Ohms law tells us that for a given resistance, current (and power) will increase in proportion to the voltage.
So lets put that in the context of your motor;
It's supposed to run on 24v and dissipate a maximum of 51 watts. p/v=i (p = power, v = voltage, i = current) so 51 watts divided by 24 volts equals 2.13 amps.
v=i*r ... so v/i = r (with r being resistance). So 24 volts divided by 2.13 amps = 11.29 ohms.
Assuming that the motor load is purely resistive and doesn't change (don't ask!) then at 30 volts it'll be drawing 30 volts / 11.29 ohms = 2.66 amps.
And 30 volts at 2.66 amps would be a power dissipation of 30 * 2.66 = 79.72 watts  which would be 56.31% over it's rated maximum.
But having just said all that, what the motor ACTUALLY draws (thus how huch heat it puts out  thus how hot it gets for a given amount of cooling) is also going to depend on it's load.
So in the context of your project:

you can probably throw that motor away since it's been smoked (it'll have damaged insulation and will probably fail again)

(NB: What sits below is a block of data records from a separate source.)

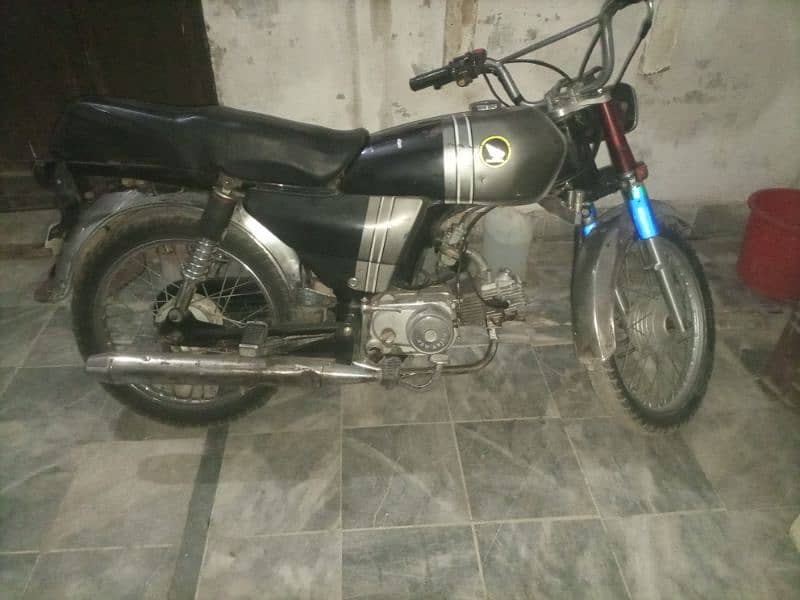 I have motorcycle 13 model Whatsapp number 0/ 3/17/97/410/60 10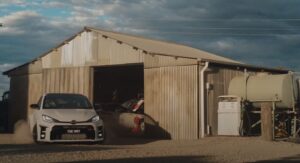 Austraalias näidatud Toyota reklaam sattus naeruväärse kriitika alla GR Yaris reklaam
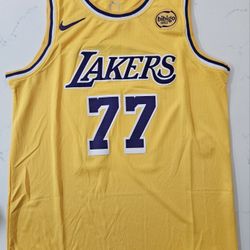 Men's Los Angeles Lakers Luka Doncic #77 (Large)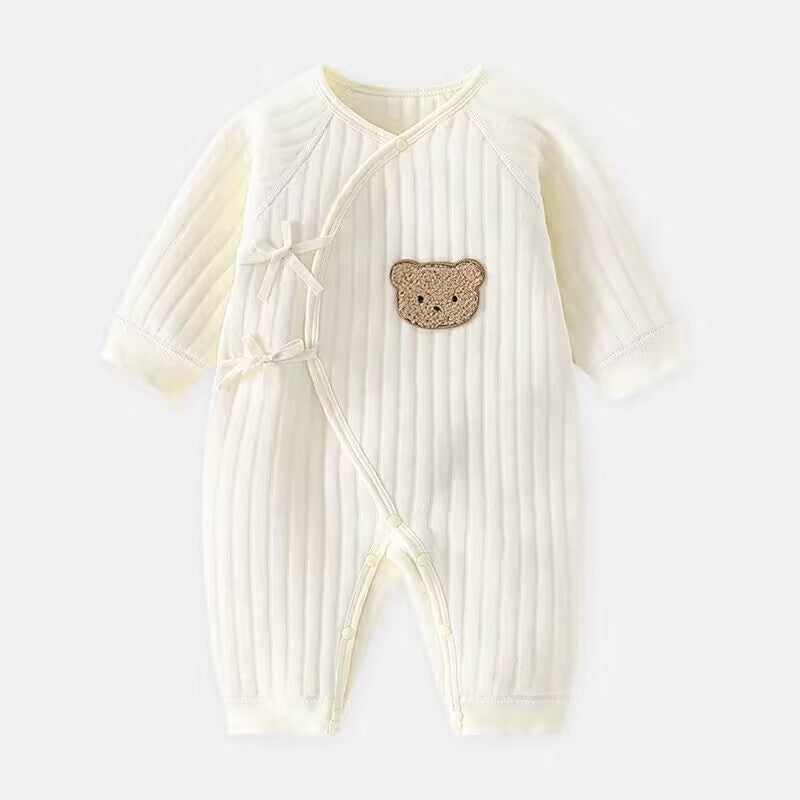 Cute bear applique baby bodysuit, a cozy infant outfit & perfect newborn gift for spring/autumn.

You need to decide if you want to take a chance on another one the same (but only feed it a maximum of 24v) or rethink it and use something else. From my experience with highpower RC helicopter motors it's to be expected that they'll get hot if run under load for a few minutes ... but the difference is that (a) they have fans built in to pull air through and (b) they're designed to take it (they can be far too hot to touch right after a flight). Other than that I probably can't help a lot unfortunately.